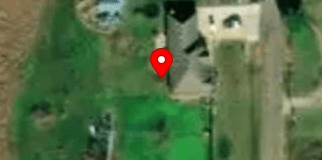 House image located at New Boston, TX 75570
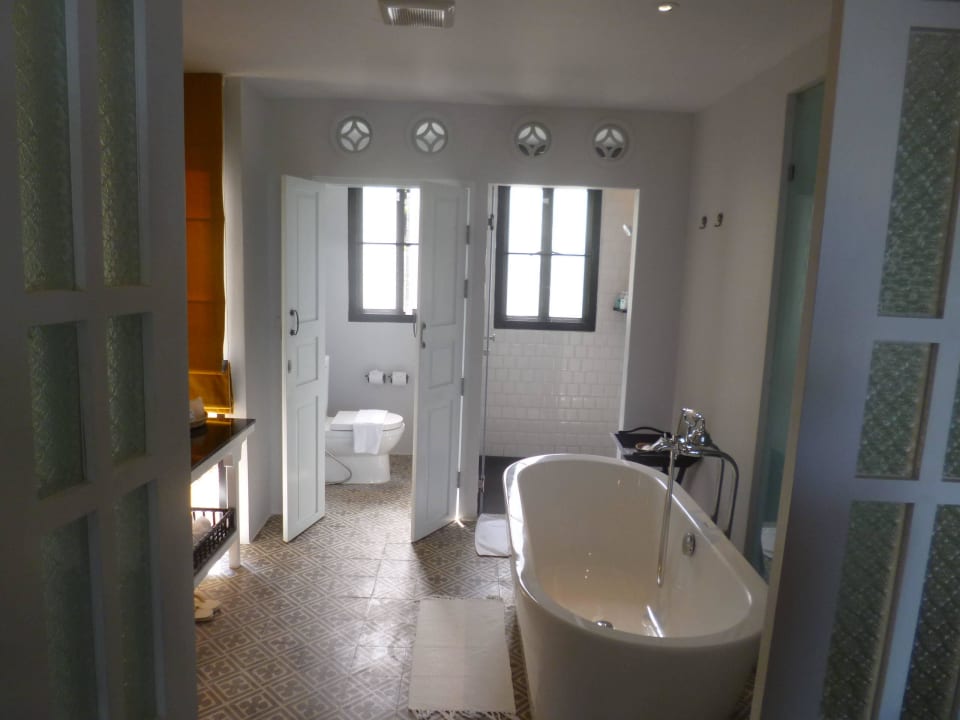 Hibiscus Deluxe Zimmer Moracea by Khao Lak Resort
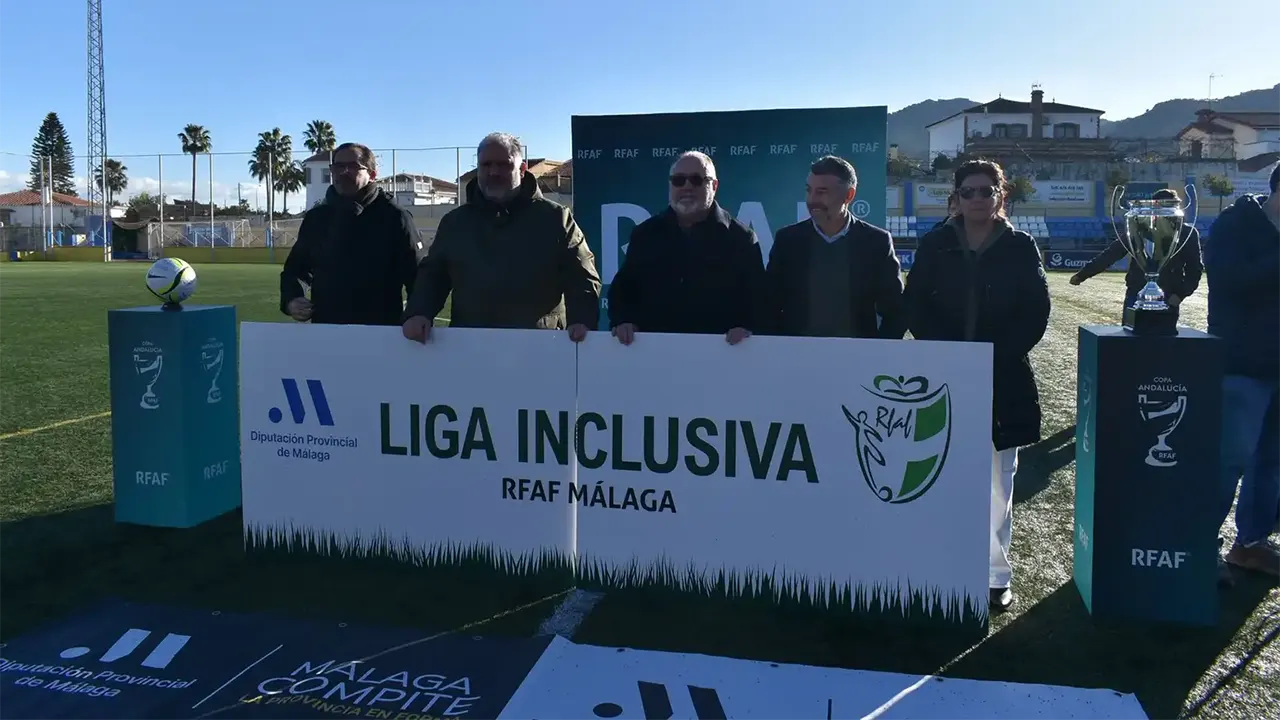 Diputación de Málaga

— Task item —
Please write out the entire listing above exactly, but leave the pictures out.

— Written answer —
 House image located at New Boston, TX 75570
 Hibiscus Deluxe Zimmer Moracea by Khao Lak Resort
 Diputación de Málaga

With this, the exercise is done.